Das Aneinanderherantasten zwischen den beiden ist spannend, da Paul anfangs der Vernunftgeleitetere ist. Im Zwischenspiel eines Pianisten setzen sich Paul und Paula als Konzertbesucher selbst ins Publikum und beobachtet kurzzeitig das Bühnengeschehen. Während Paula emotional überschwänglich klatscht, lobt Paul die Schlusskadenz und ordnet das dargebotene Werk Emilie Mayer zu, die er einen weiblichen Beethoven heißt.
Die Paare harmonieren in den unterschiedlichen Besetzungen gut. Es gibt schöne Ensemble-Gesangsdarbietungen, etwa von Sillys „Wo bist du?“, bei dem Gesangspassagen von wechselnden Akteuren auch zweistimmig dargeboten werden. Ein Erlebnis ist auch ein Duett zu Gundermanns „Gras“ von den Figuren Ines und Paul, szenisch noch eindrücklicher vorgetragen als in Solbergs Liederabend Unplugged.

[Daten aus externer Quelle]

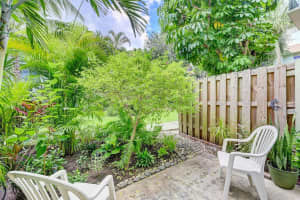 807 W Oakland Park Blvd G5, Oakland Park, FL 33311 Sold 11/28/23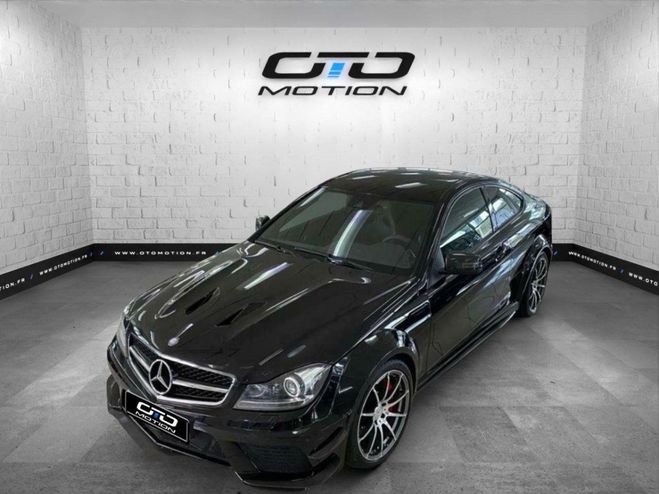 Mercedes Classe C Coupe Sport 63 AMG Black Series C63 Noir de 2012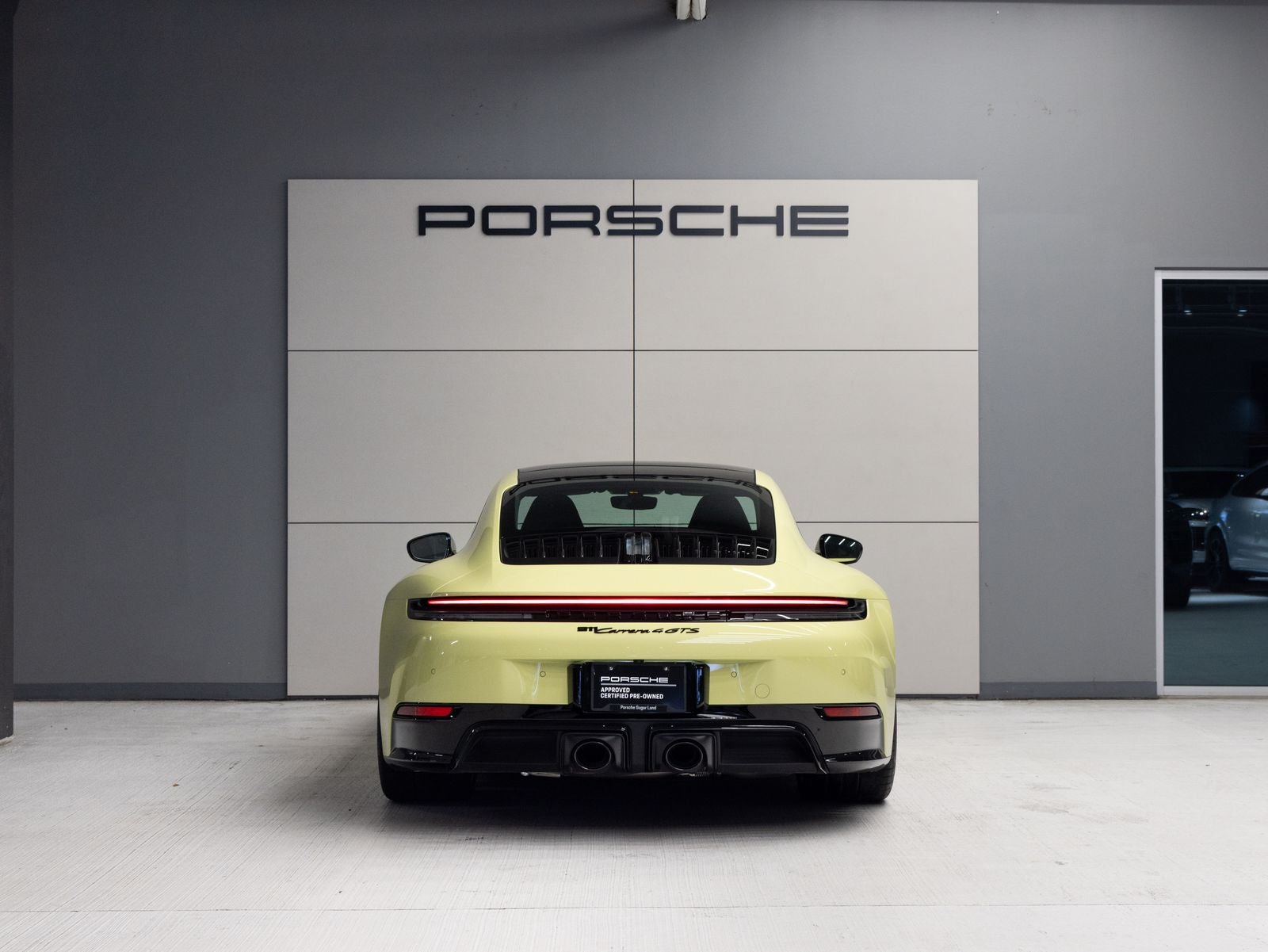 2025 Porsche 911 Carrera 4 GTS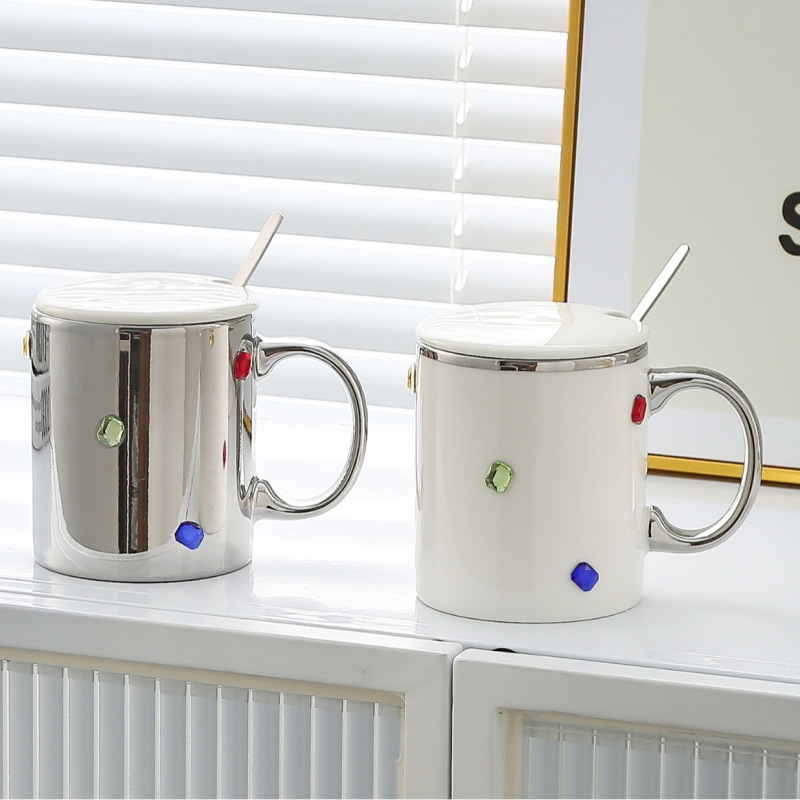 電気メッキ宝石マグ、蓋とスプーン付きの見栄えの良いクリエイティブセラミックマグ、家庭用カップルウォーターカップ、朝食ミルクカップ|undefined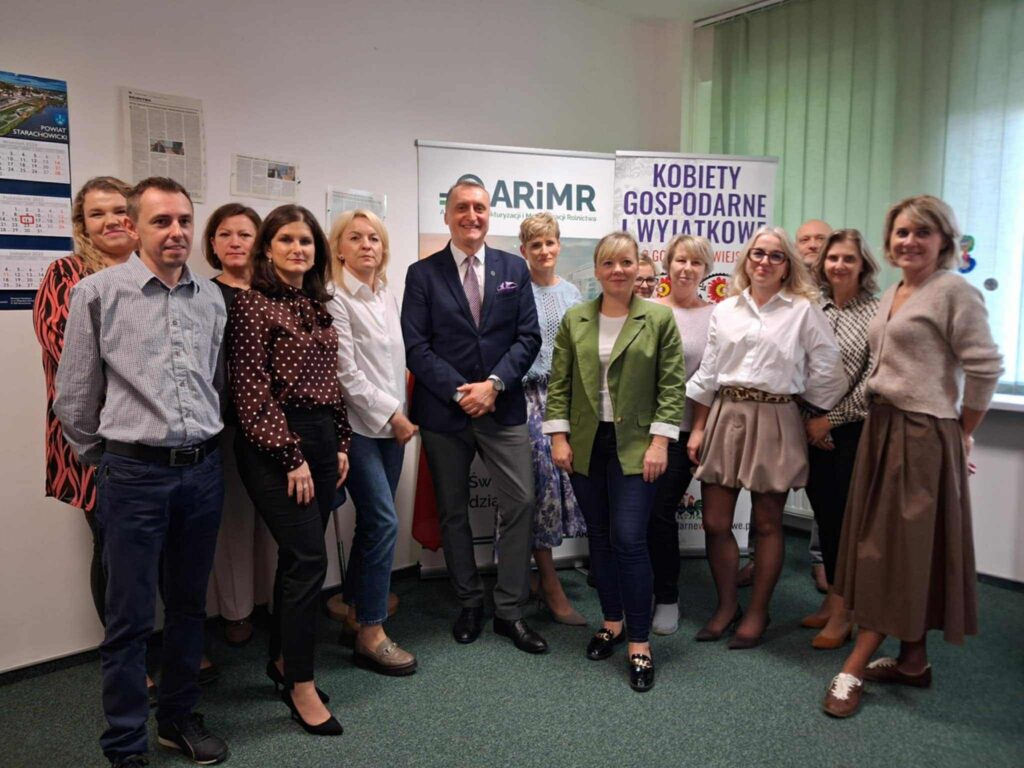 Igor Klar, kierownik Biura Powiatowego ARiMR w Starachowicach, wraz z pracownikami podczas konferencji poświęconej wsparciu dla rolników.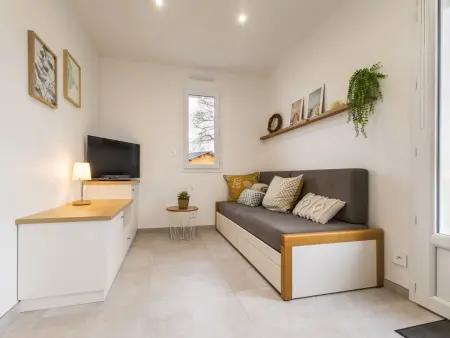 Gîte indépendant Villeneuve-en-Retz, jardin 1000m² et parking : photo 6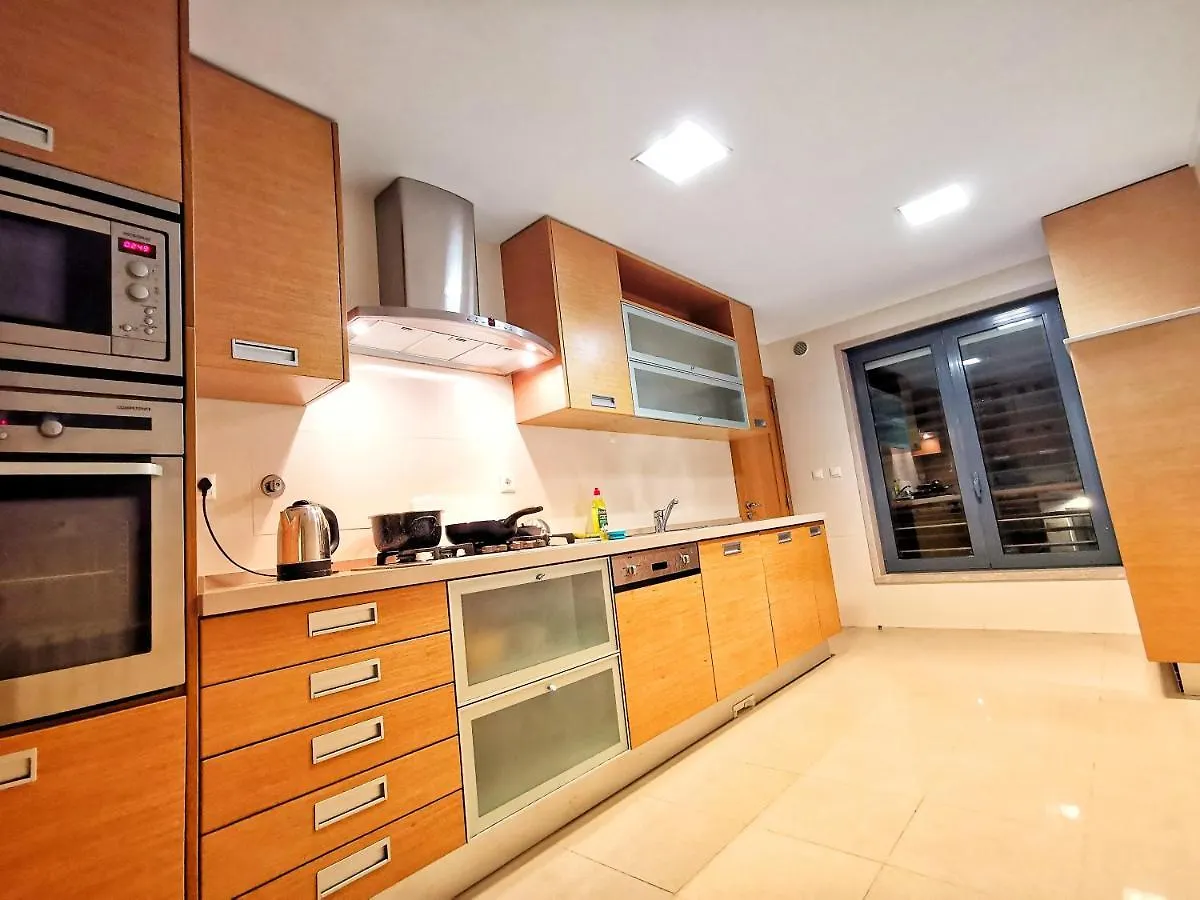 Bom Dia Parque Nacoes Lisboaz Apartment  Lisbon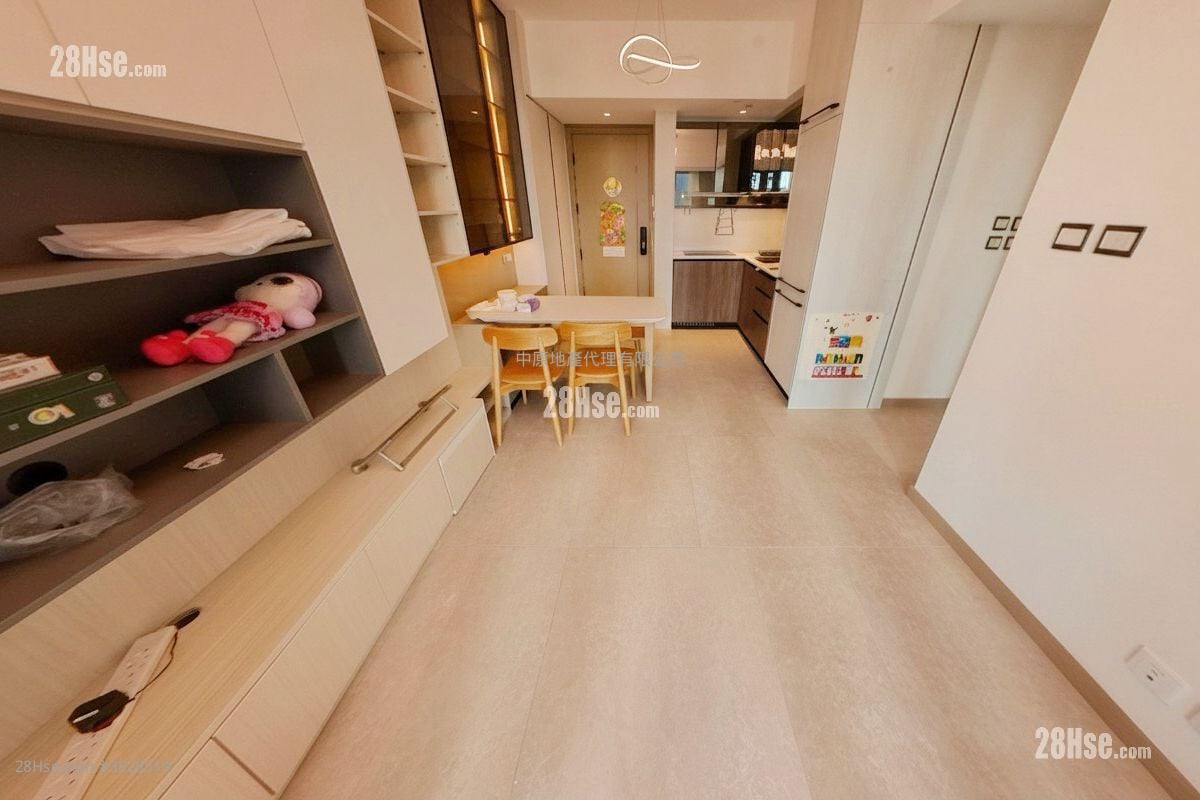 St Martin Sell 2 Bedrooms 471 ft²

Beeindruckend ist auch die gelungene Personenführung der Kinderdarsteller. Die Kinder werden oft mit einbezogen und sorgen für starke Theatermomente, etwa wenn es tiefgründig um zwischenmenschliche Harmoniebedürfnisse und um menschliche Vergänglichkeit geht.

Dem Stück, das als ein Märchen der Sehnsucht nach Freiheit eines eingesperrten Volkes angesehen werden kann, wird hier die Dimension der Kinder in ihrem Bedürfnis nach Liebe und Geborgenheit hinzugefügt. Paul hält zunächst an seiner Verantwortung als Vater und Ehemann fest. Bald glaubt Paula zu erkennen, dass auch sie ihre Kinder vielleicht doch zu sehr hintenan gestellt hat.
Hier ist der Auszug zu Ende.